*** Block opens ***

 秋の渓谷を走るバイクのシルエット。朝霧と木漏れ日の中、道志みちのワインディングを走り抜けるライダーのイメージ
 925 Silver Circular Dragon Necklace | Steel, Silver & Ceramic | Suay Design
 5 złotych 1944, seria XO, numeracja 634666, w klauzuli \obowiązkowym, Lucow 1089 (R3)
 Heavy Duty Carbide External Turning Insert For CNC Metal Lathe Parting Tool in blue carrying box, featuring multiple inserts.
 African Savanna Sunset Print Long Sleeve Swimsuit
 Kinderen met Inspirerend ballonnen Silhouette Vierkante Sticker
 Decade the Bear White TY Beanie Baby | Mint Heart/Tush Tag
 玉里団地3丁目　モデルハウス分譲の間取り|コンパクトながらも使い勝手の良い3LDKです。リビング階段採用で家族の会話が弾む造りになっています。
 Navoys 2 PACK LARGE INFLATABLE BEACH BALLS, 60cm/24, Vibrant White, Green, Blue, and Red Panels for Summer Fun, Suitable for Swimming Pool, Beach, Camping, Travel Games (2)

*** Block closes ***

Look over the records above and say how many lines hold the word "White", giving the number alone.

2